Louisa (Mala Emde), di nobile famiglia tedesca e studentessa alla facoltà di legge, decide di unirsi alla P31, una sociale Antifa dove vive anche la sua amica Batte (Luisa-Céline Gaffron) che la sponsorizza con il resto del gruppo. Lì incontra il fascinoso Alfa (Noah Saavedra), inizialmente restio ad accogliere Louise nella loro comunità.

Il rito di passaggio che la farà accettare si presenta alla prima manifestazione a cui prende parte: durante la protesta al comizio di una candidata politica dell’estrema destra, la cui sicurezza si compone di noti soggetti fascisti, Louise riesce a rubare il cellulare di un vigilante che stava riprendendo i manifestanti e, grazie all’aiuto di Alfa, riesce a sfuggire quasi illesa al tafferuglio che ne consegue. Le informazioni contenute nel telefono, decrittate grazie all’amico Lenor, daranno il via a una serie di raid violenti da parte di alcuni membri della P31 contro i gruppi neonazi, e la scoperta di ordigni esplosivi potrebbe portare a conseguenze drammatiche per tutti coloro coinvolti.

La domanda che la regista Julia von Heinz si pone, e pone allo spettatore, è che ruolo possa avere la violenza nella quotidiana lotta al fascismo; o meglio: cosa è lecito fare per difendere l’ordine e le libertà costituzionali? Fino a che punto è legittimo spingersi? Dato il proliferare di gruppi di estrema destra, non solo in Germania ma in Europa e nel mondo, è una domanda più che attuale, sebbene la prima idea del film sia nata a partire dall’effettiva esperienza di militanza della regista negli anni Novanta. Questo interrogativo viene impersonato da Louise, entrata alla P31 con tanta voglia di appartenenza e degli ideali, stimolati anche dai suoi studi in legge, che sembrano miseramente sgretolarsi a fronte dell’effettiva realtà e violenza dei gruppi fascisti. Inizia così ad allontanarsi da Batte e dal suo approccio più pacifico per seguire Alfa e la sua idea di rispondere a violenza con violenza, forse anche perché è l’unico modo per mantenere l’interesse del ragazzo, che a tratti sembra essere l’unica spinta che la muove davvero.

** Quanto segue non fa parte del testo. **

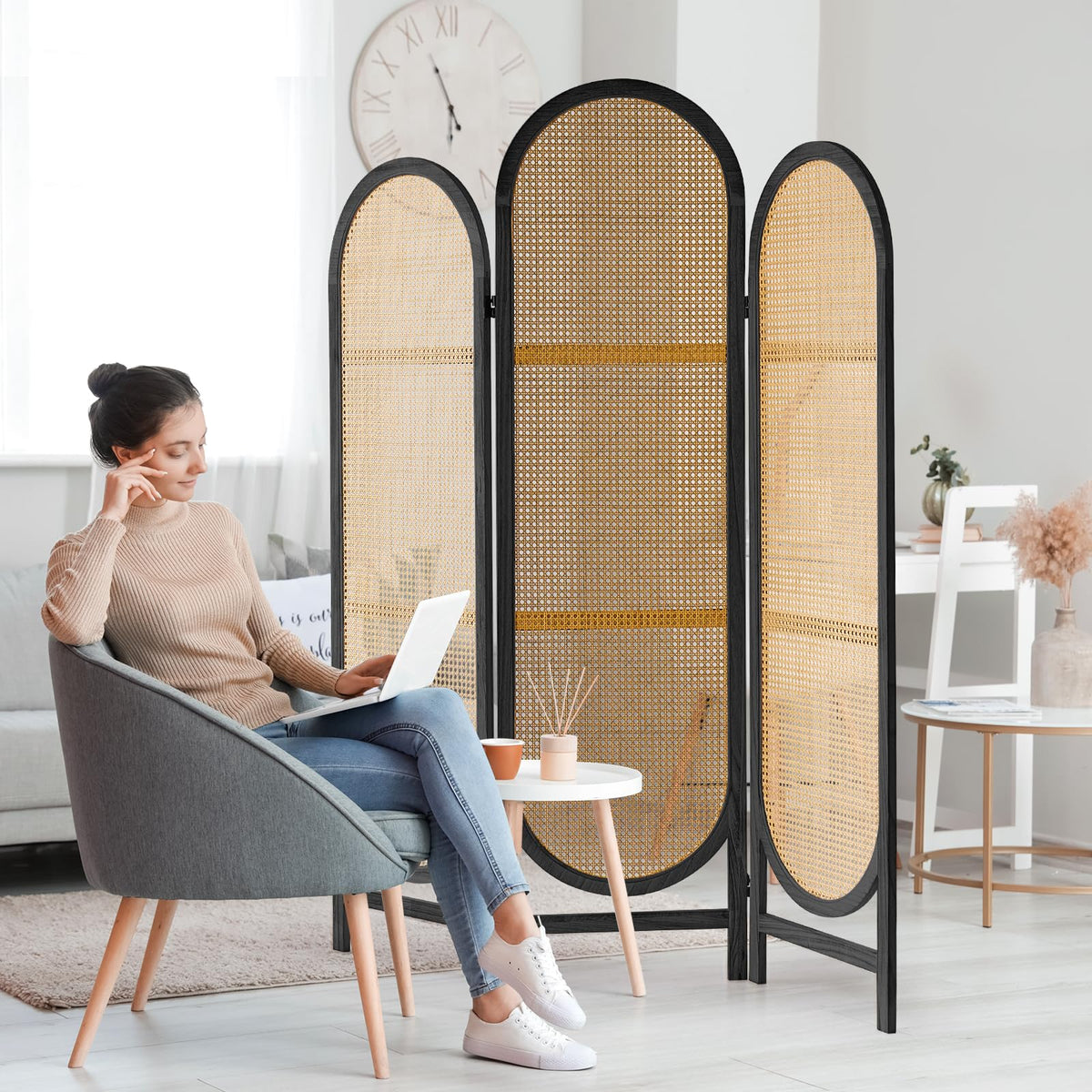 Hand-Woven Rattan Room Divider 3 Panels, 5.9 Ft Tall Wood Room Divider Panel, Partition Screen Divider Wall, Folding Privacy Screen, Wall Divider for Room Separation Home Office - Black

Il film, che in alcuni punti ricorda più un dramma adolescenziale alla Come te nessuno mai, ha i suoi momenti migliori quando Louise si relaziona con Dieter, un ex militante ormai fuori dalla scena politica che sembra rappresentare la visione più adulta (o più antica?) degli ideali giovanili della regista. Più volte, infatti, lui sottolinea come “picchiare i nazisti sia solo la punta dell’iceberg” e di come, ai suoi tempi, gli obiettivi fossero, per esempio, i pezzi grossi della Siemens.

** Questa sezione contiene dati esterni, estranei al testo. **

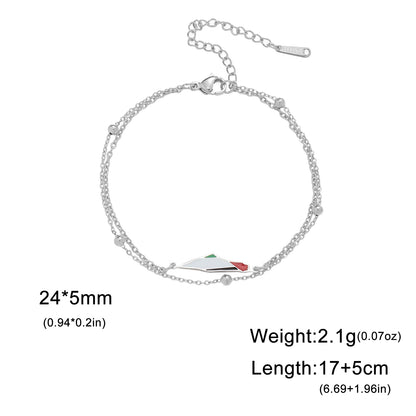 Delicate Palestine Map Bracelet – Gold & Silver Beaded Chain with Enamel Flag Charm, Elegant Support Jewelry for Women & Men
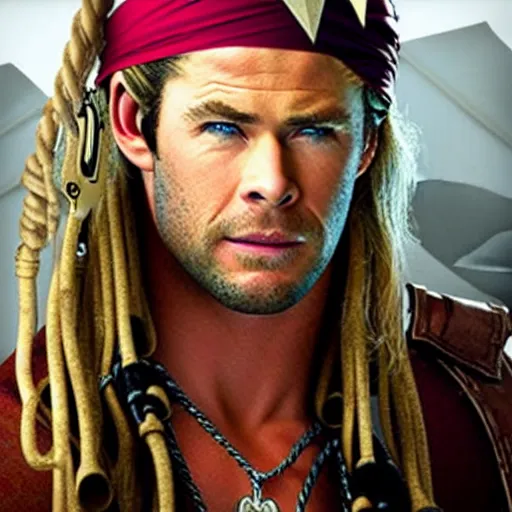 Prompt: chris hemsworth as a pirate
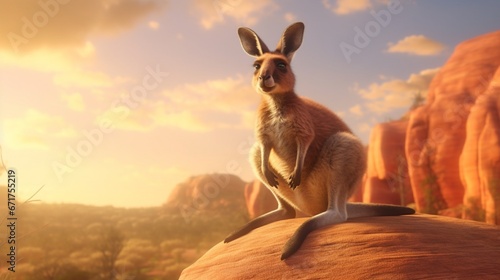 A kangaroo with a joey in her pouch, hopping across an Australian outback.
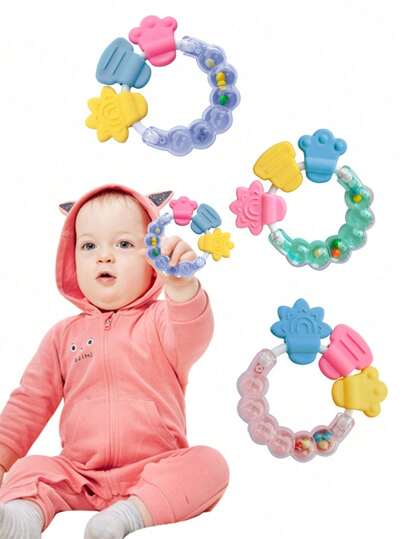 1pc Baby Teething Gum, Ringing Toys, Children's Puzzle Toy, Soft Silicone Teething Toy Suitable For Toddler Boys And Girls Easter Gift Teething Toys, Holiday Gift, Birthday Gift, Christmas Gift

È anche grazie a lui se alla fine Louise riesce a ritrovare una propria, fragile, identità di cui durante il resto del film sembra essere pericolosamente carente, facendosi più spesso trascinare dagli eventi – nello specifico, dalla sua attrazione per Alfa – piuttosto che esserne padrona. Certamente a muoverla c’è una percentuale di senso di colpa, derivante dalla sua estrazione sociale, che però non viene mai esplorata (“Se non sei di sinistra sotto i 30 anni sei senza cuore, se sei di sinistra sopra i 30 anni sei senza cervello”, dichiara scherzosamente suo padre, mentre stanno scuoiando un cerbiatto appena ucciso in una battuta di caccia, e che chiaramente vede l’impegno di sua figlia come una sorta di vezzo giovanile), così come le motivazioni che la spingono a unirsi alla P31, sebbene evidenti, non vengono mai esplicitamente dichiarate.

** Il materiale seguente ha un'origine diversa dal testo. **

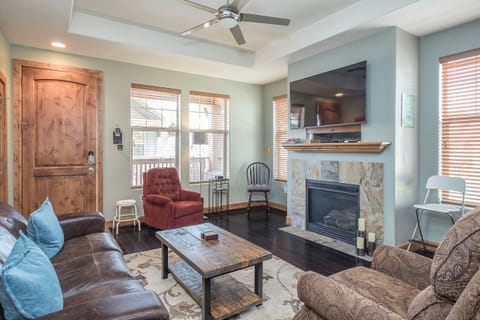 Recliners (two) and leather seating for comfort. YouTube TV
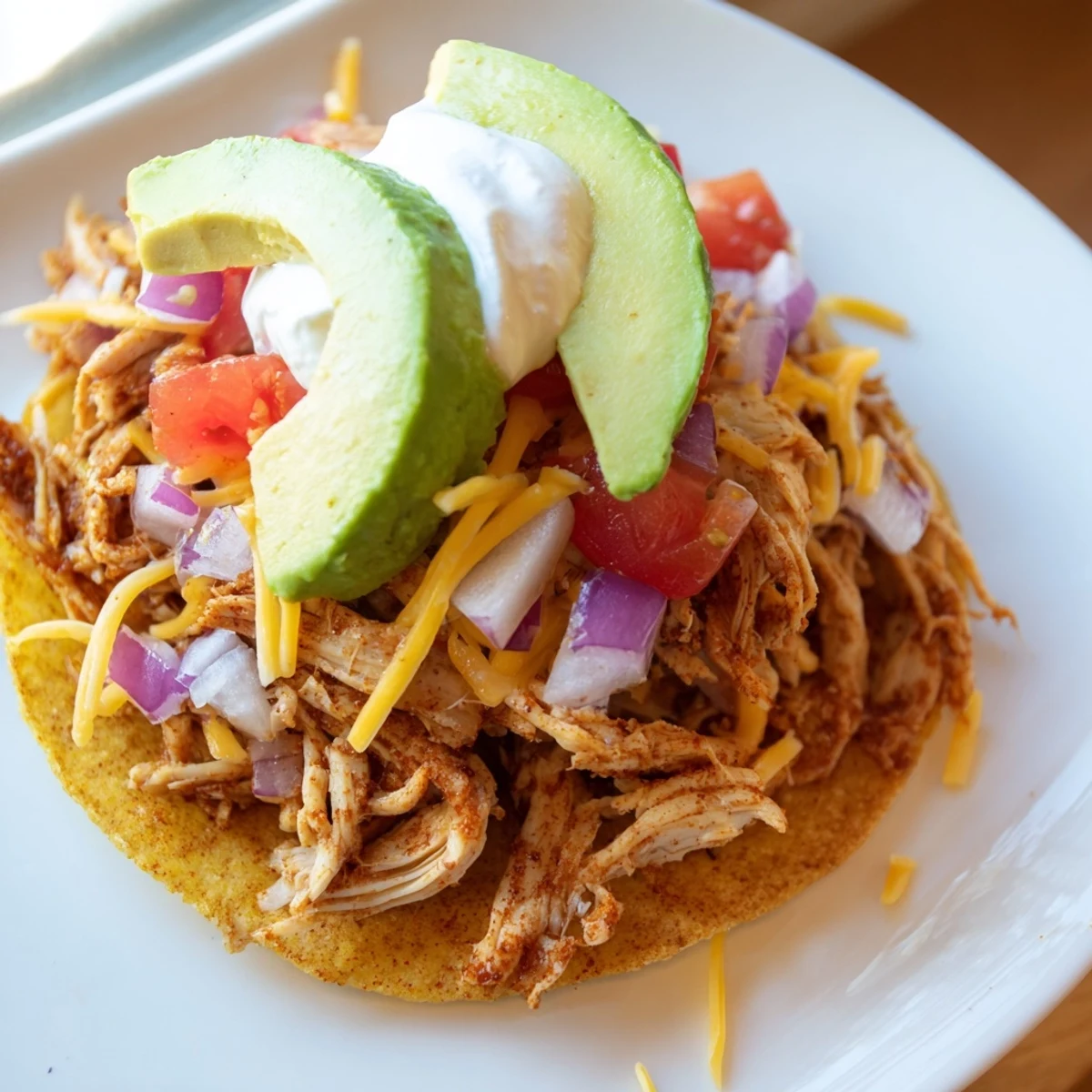 Golden Chicken Tostadas piled high with fresh lettuce, cheese, and creamy avocado.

La risposta alla domanda che attanaglia Louise e che ha dato origine all’opera si trova in una sorta di facile compromesso nel finale che, a parte la soddisfazione momentanea, un po’ delude nella sua soluzione semplicistica. Nel complesso è un film interessante e attualissimo anche in Italia, che però non indaga davvero a fondo nessuno dei due mondi che vuole rappresentare, limitandosi a uno sguardo superficiale sulla lotta politica e preferendo concentrarsi maggiormente sui conflitti emotivi della protagonista.